- EXERCISE: Could you set down every entry exactly as it stands, without the images?

- TASK DATA:
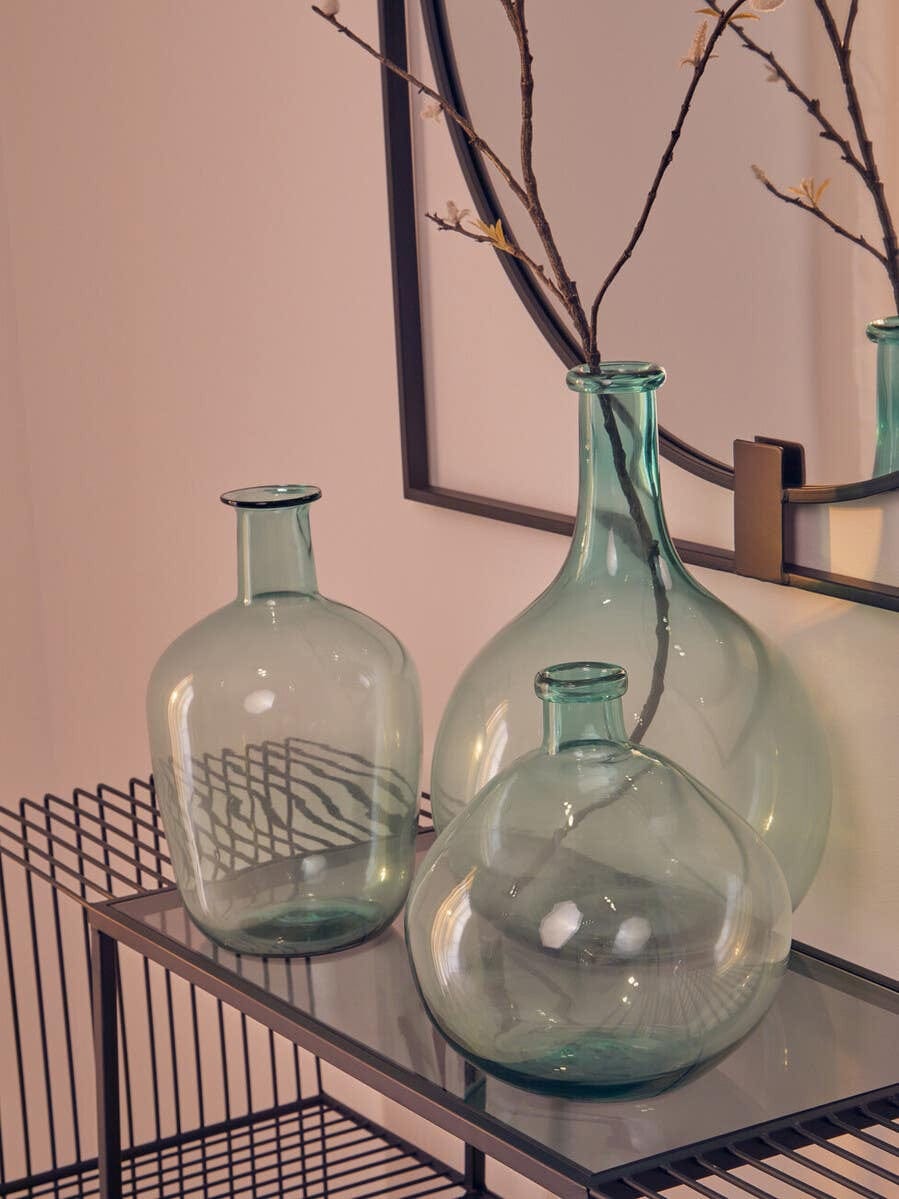 Hamilton Interiors Living Bexley Blue Small Bottle Neck Recycled Glass Vase House of Isabella UK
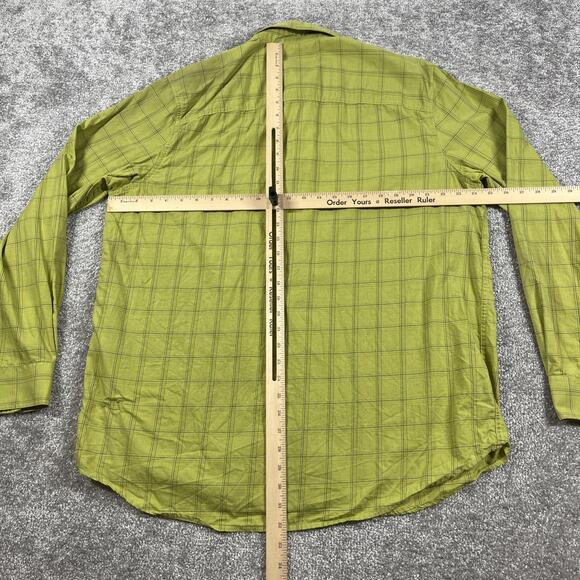 Eddie Bauer Button Down Shirt Mens Large Tall Plaid Cotton long Sleeve Green - Picture 9 of 13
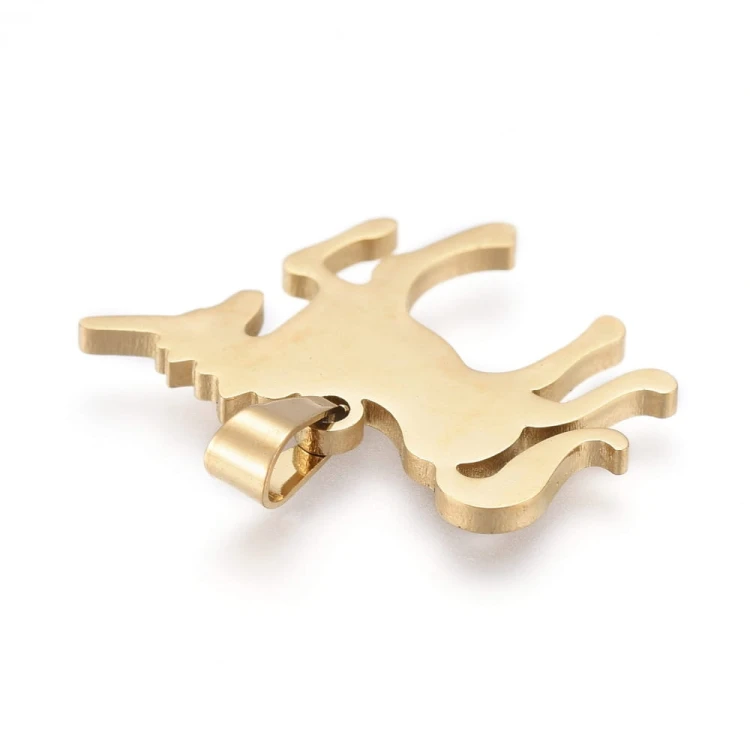 ZSS103 Zawieszka do grawerowania unicorn jednorożec 21x23mm stal nierdzewna - złoty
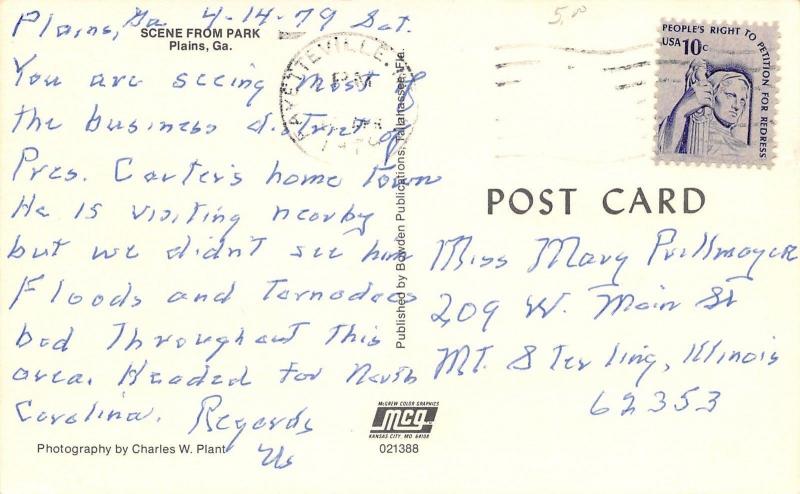 Plains Georgia~Scene From Park~1979 Postcard 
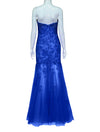 La Femme Royal Blue Strapless Lace Evening Gown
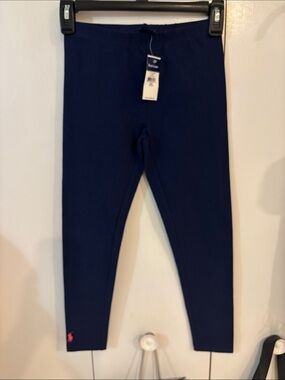 Girls New Navy Blue  Ralph Lauren Leggings,M(8-10)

- OUTPUT BELOW:
 Hamilton Interiors Living Bexley Blue Small Bottle Neck Recycled Glass Vase House of Isabella UK
 Eddie Bauer Button Down Shirt Mens Large Tall Plaid Cotton long Sleeve Green - Picture 9 of 13
 ZSS103 Zawieszka do grawerowania unicorn jednorożec 21x23mm stal nierdzewna - złoty
 Plains Georgia~Scene From Park~1979 Postcard 
 La Femme Royal Blue Strapless Lace Evening Gown
 Girls New Navy Blue  Ralph Lauren Leggings,M(8-10)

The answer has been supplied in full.